Vale ressaltar que, entre os elementos punitivos da lei, as decisões podem entrar em conflito com o direito da criança e do adolescente à convivência familiar e comunitária, garantido pelo Estatuto da Criança e do Adolescente (ECA) (Lei nº8.069/1990), em seu artigo nº19. Também é importante destacar que em medidas de proteção à criança e ao adolescente aplicadas, devem ser preferidas “aquelas que visem ao fortalecimento dos vínculos familiares e comunitários”, conforme artigo nº100 do ECA.
É questionável também se, através de determinados meios jurídicos dispostos, o poder público não acabaria promovendo uma segunda alienação parental, se referindo à do filho em relação ao genitor com quem se estabeleceu forte vínculo. Vale destacar que qualquer medida tomada contra os pais repercutirá nos filhos, o que pode provocar grande sofrimento para eles.

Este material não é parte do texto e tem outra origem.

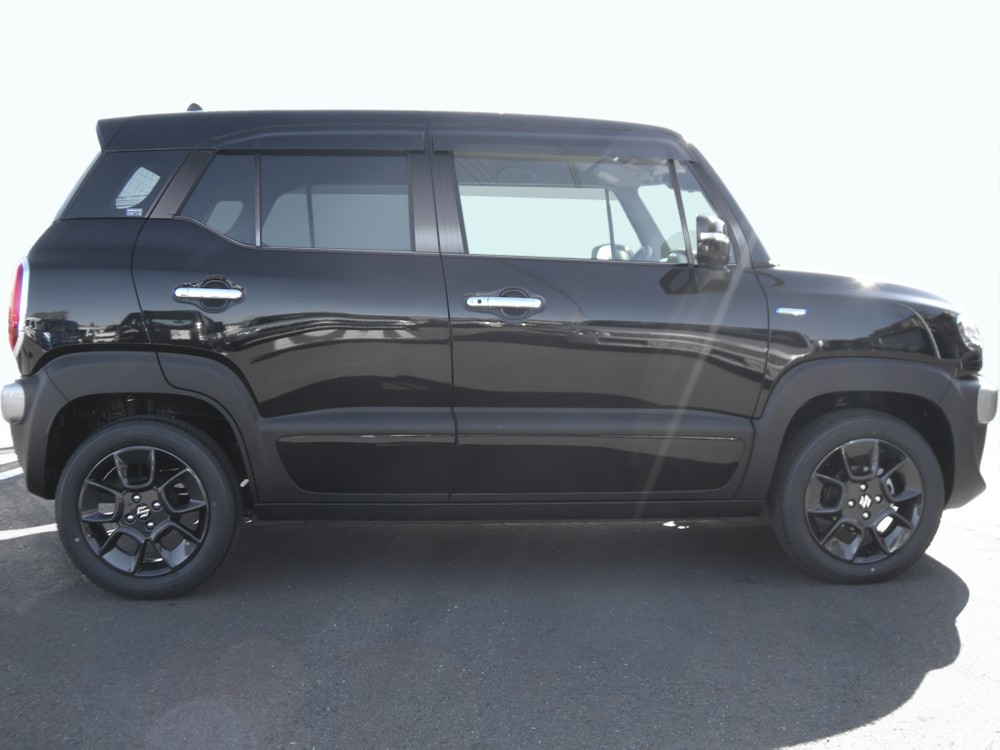 ステンレス ピラー 送料無料 MN71S クロスビーXBEE 14P ヘアライン ブラック カーパーツ拍卖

Em 13 de novembro de 2024, a Comissão de Previdência, Assistência Social, Infância, Adolescência e Família da Câmara dos Deputados aprovou o Projeto de Lei nº1812/2022, de autoria das deputadas federais Fernanda Melchionna, Vivi Reis e Sâmia Bomfim, que prevê a revogação da lei de alienação parental. A deputada Fernanda Melchionna explica que ao longo dos anos, a imprensa brasileira noticiou diversos casos em que a lei foi utilizada como pretexto para perpetuar ciclos de violência, principalmente de violência doméstica e contra meninas, e a lei se baseia numa síndrome não corroborada por inúmeras organizações científicas e que diversas entidades, tais como a ONU Mulheres, o Conselho Nacional de Direitos Humanos e o Conselho Nacional de Saúde, já denunciaram a aplicação enviesada da síndrome e recomendam a revogação da lei. “É importante ressaltar que quando tratamos desse tema, obviamente, estamos falando da proteção da criança em casos de separação dos pais. No entanto, a lei virou uma espécie de punição a mulheres em contexto de violência e abuso, que são acusadas de “alienar” seus filhos do convívio paterno quando denunciam o abusador”, destaca Fernanda Melchionna.